The exam’s Comprehension Text

       [1] Fatmire Bajramaj and her family ran away from Kosovo to Germany during the war in the early 1990s. She began playing football at the age of six without her father’s knowledge or permission. At first, she played after school with her older brother. Secretly, she joined a club team, using equipment that she borrowed from a team-mate. “My father wanted me to be a singer or an actress,” Fatmire Bajramaj, who is known as Lira, said. “He told me that football was for men, not for women.” Yet today, at 23, Lira is a midfielder on the German women’s national team.

       [2] In Germany, a third of all children are born to immigrant families, and the issue of integration has become an urgent political concern. Heike Ullrich, the head of women’s football federation in Germany, said “football is for everybody, men, women, black, white, all races and religions. Everyone should have a chance to come in contact with the ball. It unites people.”

       [3] Lira was five when her family arrived in Germany and settled in a refugee centre.
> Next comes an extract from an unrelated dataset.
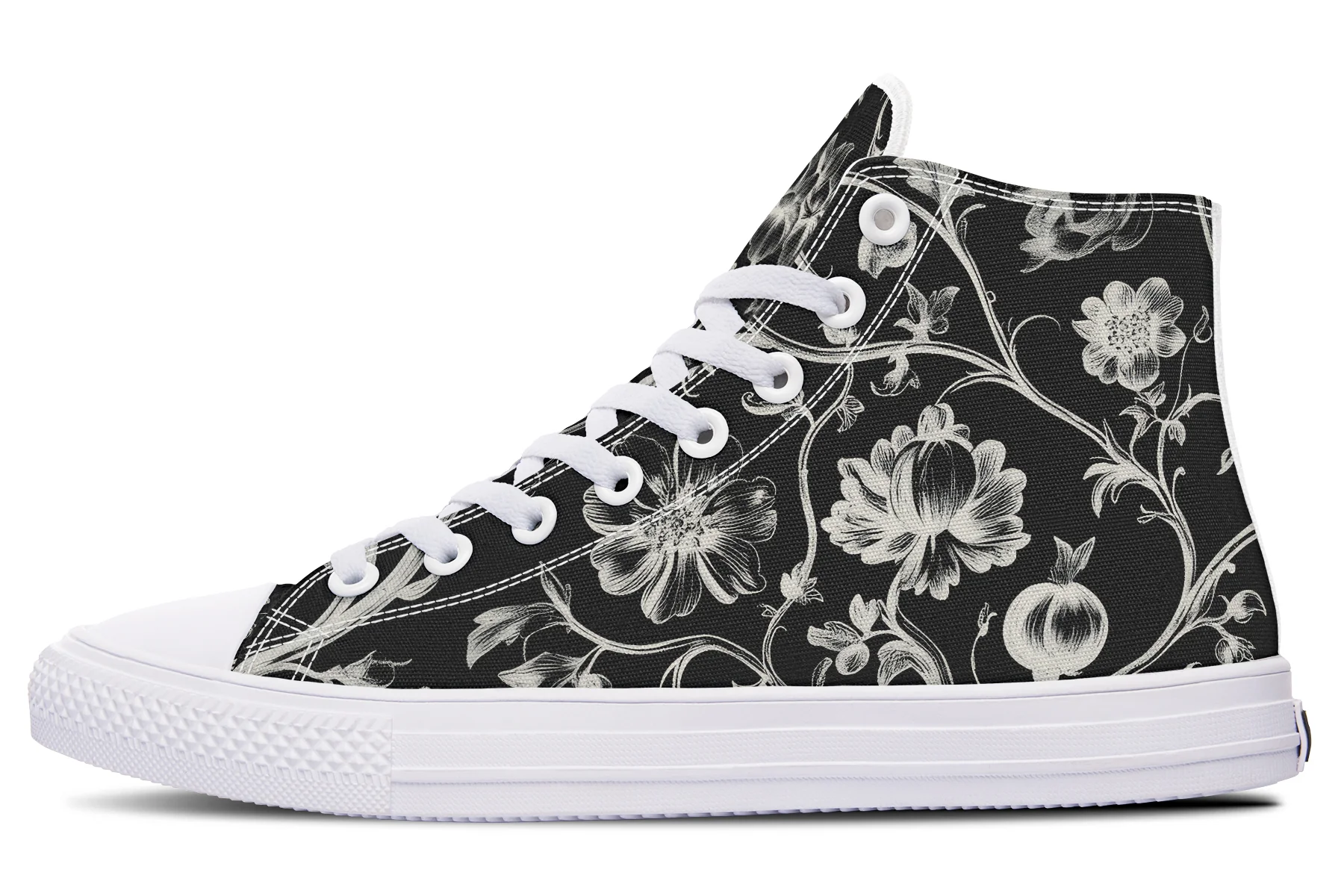 Black Baroque High Tops - Image 10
She said that she felt rejected by some locals as she went to and from school, hearing mocking remarks like ‘gypsies’ and ‘go back where you come from.’ At the age of six she joined a club in Giesenkirchen and later played near Monchengladbach.

       [4] “I was the only girl. At first the boys didn’t accept me. But when they saw I could play football, they decided to play with me. Later they were fighting about which team I should play with,” she said. One day her father attended a match to watch her brother and by accident learned that his daughter had also taken up playing football. His response was surprise but not disapproval. “He told me I was very good. Now he is my biggest supporter,” she said.

       [5] In 2007, Lira played as a substitute when Germany won the World Cup final over Brazil. A year later, she scored both of Germany’s goals in a victory over Japan for the bronze medal at the Beijing Olympics. Her present club Turbine Potsdam won the European women’s Champions League title in 2010. “Playing football is what helped me integrate. First, I learnt the language. Later, I learnt a lot about the culture and the cities,” Lira said.

       [6] “If Lira is a star in the next World Cup, maybe girls who wear the jerseys of their favourite players on the men’s national team will start wearing those of the women’s national team players,” said Ulf Gebken, a German specialist in sport and social integration.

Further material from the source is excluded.